Von hier führte uns der Weg weiter an die Nordspitze der Insel nach Peenemünde, wo wir das historisch-technische Museum besuchten. Zur Zeit des Nationalsozialismus befand sich hier die Heeresversuchsanstalt, wo Wissenschaftler wie Wernher von Braun und Hermann Oberth an der Vergeltungswaffe V2 arbeiteten. Tausende von Zwangsarbeitern und KZ-Häftlingen mussten hier schuften, ein großer Teil der nördlichen Inselregion war militärisches Sperrgebiet. Also ein wirklich dunkles Kapitel der Geschichte, das in diesem Museum sehr gut aufgearbeitet wird.

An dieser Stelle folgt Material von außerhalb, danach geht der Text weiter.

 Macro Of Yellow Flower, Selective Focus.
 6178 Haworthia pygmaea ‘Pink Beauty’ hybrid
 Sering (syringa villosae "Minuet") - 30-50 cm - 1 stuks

Besonders eindrücklich fand ich die Darstellungen zum Zwiespalt zwischen der Wissenschaft und Forschung einerseits, zum Machtmissbrauch andererseits. Es wird erzählt, wie die Menschen in den 1920er Jahren von der Reise zum Mond und ins Weltall träumten, befeuert auch durch Filme wie „Die Frau im Mond“ von Fritz Lang oder Romane, beispielsweise von Jules Verne. Das war wohl für viele Wissenschaftler die Hauptmotivation. Gleichzeitig dienten sie aber einem Regime, das nach Weltherrschaft strebte und die Forschungsergebnisse zur Herstellung von Massenvernichtungswaffen missbrauchte. Die Frage nach der Ethik der Wissenschaft wird hier gestellt und von vielen Seiten und anhand vieler Exponate beleuchtet, aber sie kann natürlich nicht abschließend beantwortet werden. Auf alle Fälle war dies ein sehr lohnender Besuch, der uns sehr nachdenklich gemacht hat.

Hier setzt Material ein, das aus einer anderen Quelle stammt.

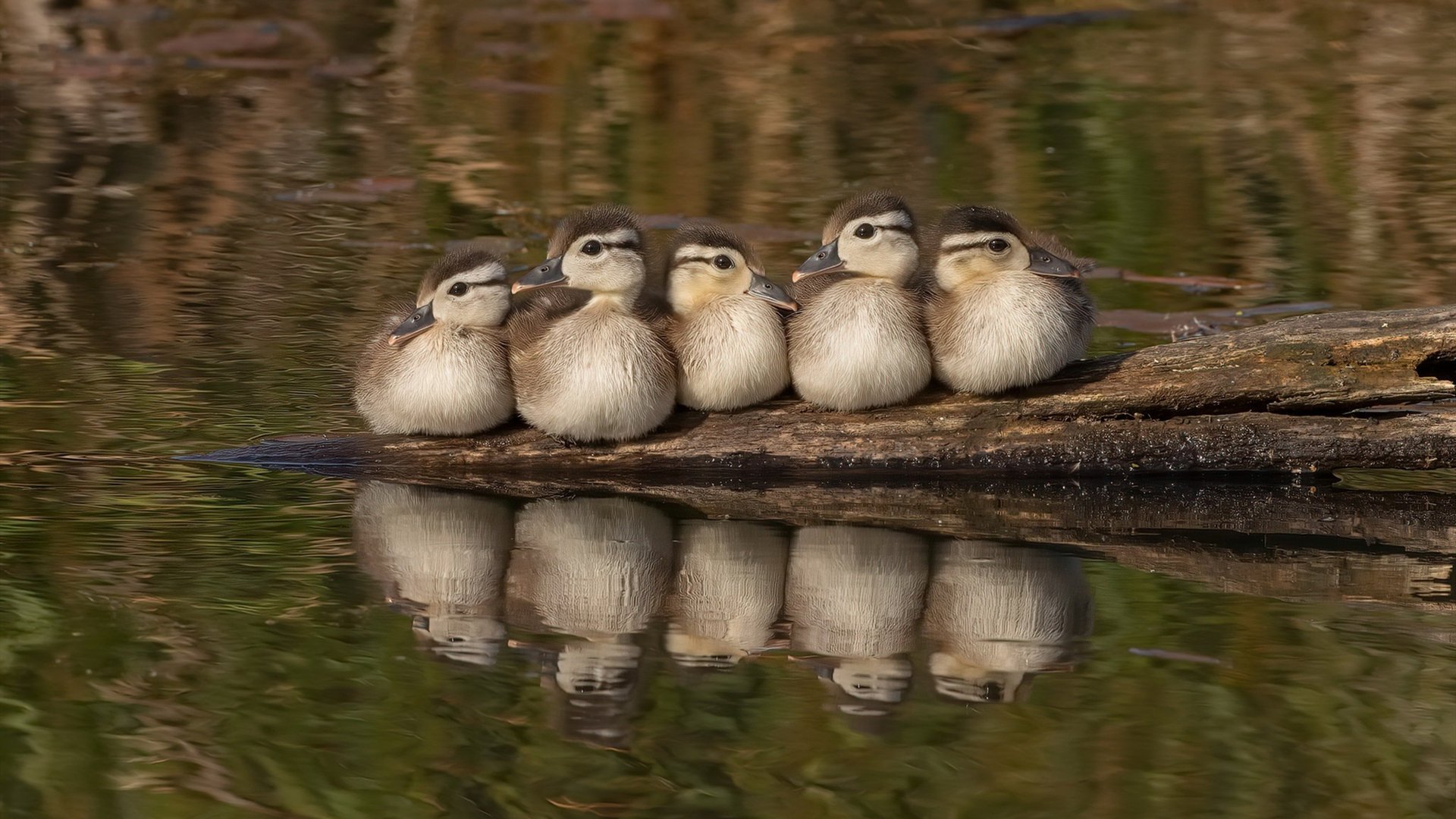kaiyun官方入口登录-“校园足球逐步走向多样化，青少年全面发展”，校园足球如何发展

Nicht so lohnend war lediglich die Fahrt auf die Aussichtsplattform des ehemaligen Kohlekraftwerks. Denn wegen Corona durfte der Aufzug zur Plattform immer nur von Personen aus einem Haushalt gleichzeitig benutzt werden. Die Folge waren lange Warteschlangen für einen Ausblick auf den Hafen, der sich nicht unbedingt sooo sehr lohnte. Mein Tipp deshalb: Lieber gleich auf diese Auffahrt (kostet einen Euro extra, Ticket muss gleich am Eingang gelöst werden) verzichten und den kleinen Hafen von Peenemünde direkt besuchen. Dort liegt auch das U-Boot U-461, das besichtigt werden kann. Es soll das größte U-Boot-Museum der Welt sein, dennoch verzichteten wir auf den Besuch.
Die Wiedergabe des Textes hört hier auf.